• _What to work on_: Exclude the pictures and repeat all of the data exactly.

• _Data for this task_:
....

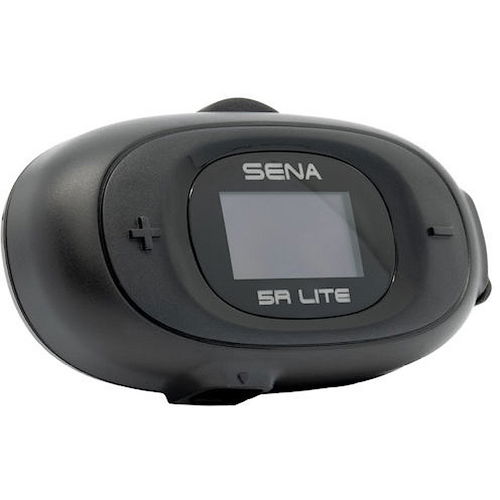Sena 5R Lite Bluetooth Comm System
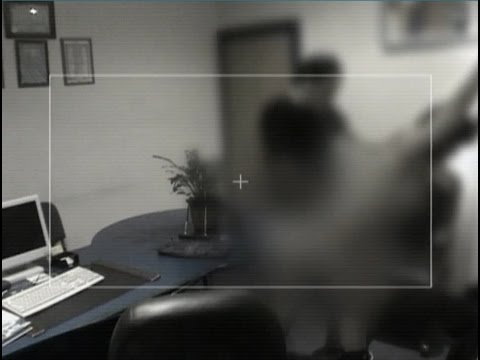 Брачное чтиво  4 сезон  52 серия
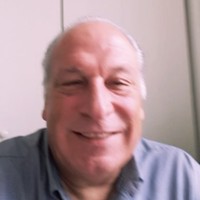 Yves Lemieux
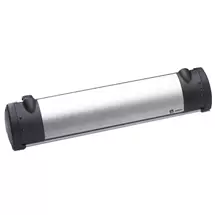 Rotary Trimmers | Avery A4CT paper cutter 10 sheets | Quzo UK
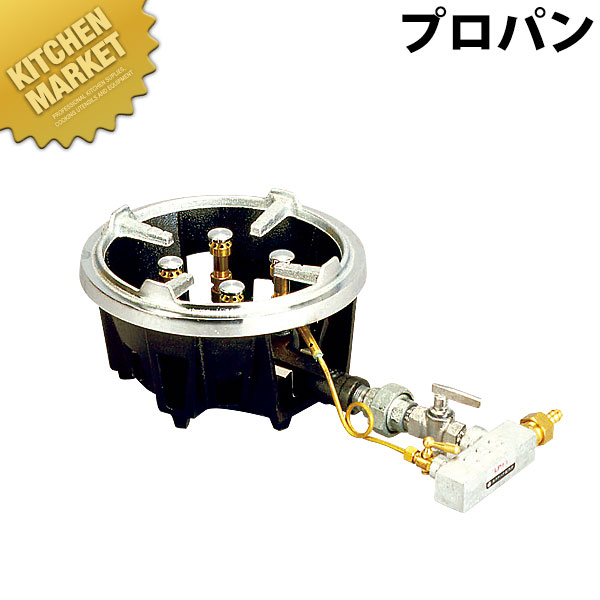 タチバナ製作所 TG スーパーコンロ LPG プロパン TG-4ステンレス 【運賃別途】 【kmssa】 ガスコンロ 鋳物コンロ 鋳物ガスコンロ ガス鋳物コンロ 業務用ガスコンロ プロパン ホテル レストラン 飲食店 中華料理店 町中華 業務用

....

• _Answer box_:
Sena 5R Lite Bluetooth Comm System
 Брачное чтиво  4 сезон  52 серия
 Yves Lemieux
 Rotary Trimmers | Avery A4CT paper cutter 10 sheets | Quzo UK
 タチバナ製作所 TG スーパーコンロ LPG プロパン TG-4ステンレス 【運賃別途】 【kmssa】 ガスコンロ 鋳物コンロ 鋳物ガスコンロ ガス鋳物コンロ 業務用ガスコンロ プロパン ホテル レストラン 飲食店 中華料理店 町中華 業務用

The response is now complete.